L’existence d’au moins une carie dentaire a été associée à un risque accru d'accident vasculaire cérébral (hazard ratio ajusté [HRa], 1,40 [IC 95 %, 1,10-1,79]) et à une surmortalité (HRa, 1,13 [IC à 95 %, 1,01-1,26]). En revanche, aucune relation de ce type n’a impliqué les évènements cardiovasculaires en rapport avec une maladie coronarienne (HRa 1,13 [IC 95 %, 0,93-1,37]). L'association entre les caries dentaires et les AVC ischémiques s’est avérée significativement plus étroite dans la population afro-américaine que dans le sous-groupe des caucasiens (interaction significative p=0,0001). L'augmentation des surfaces dentaires défectueuses qu’elles soient cariées, manquantes ou obturées a été significativement associée à un risque accru d’AVC (HRa, 1,006 [IC 95 %, 1,001-1,011]) et de décès (HRa, 1,003 [IC 95 %, 1,001-1,005]), ce qui n’a pas été le cas des évènements en rapport avec une maladie coronarienne. Le recours régulier aux soins dentaires a réduit d’un facteur cinq le risque de caries dentaires, l’odds ratio correspondant ajusté étant en effet estimé à 0,19 [IC 95 %, 0,16-0,22] ; p<0,001). 
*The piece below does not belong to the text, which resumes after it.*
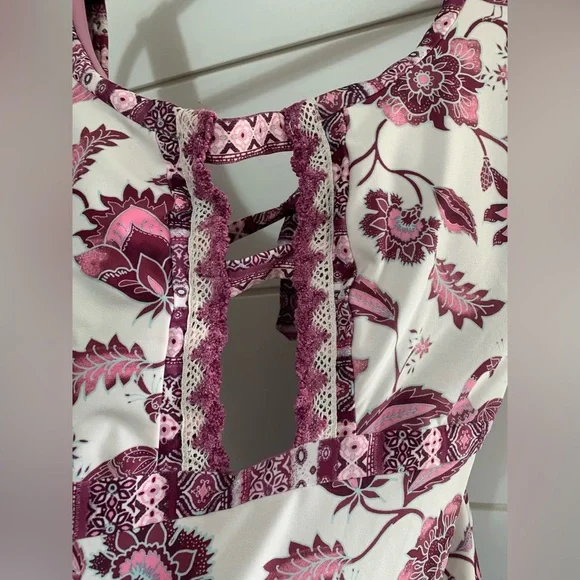 BECCA Tahiti Plunge One Piece Swimsuit M - Picture 7 of 12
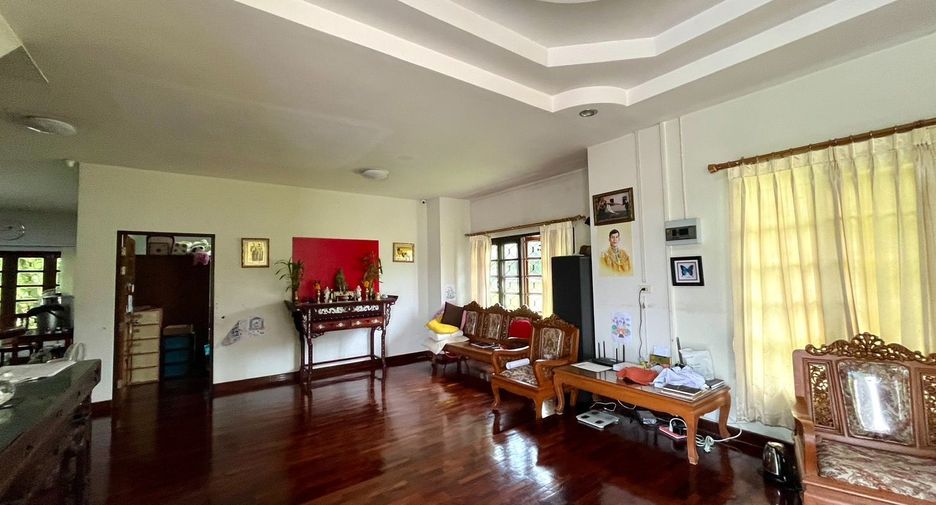 For sale 5 bedrooms house in Thai Mueang, Phang Nga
Les caries dentaires semblent être pourvoyeuses d’une surmortalité et d’un risque accru d’AVC, mais le lien de causalité ne peut être établi avec certitude, en dépit de la nature longitudinale de cette étude prospective qui porte sur une cohorte de plus de six mille participants. Il faut démontrer que les soins dentaires réguliers permettent d’annuler ces risques, la diminution du nombre de caries étant nécessaire (mais non suffisante) pour en arriver à cette conclusion. 


References

Sen S, Logue L, Logue M, et al. Dental Caries, Race and Incident Ischemic Stroke, Coronary Heart Disease, and Death. Stroke. 2024 Jan;55(1):40-49. doi: 10.1161/STROKEAHA.123.042528.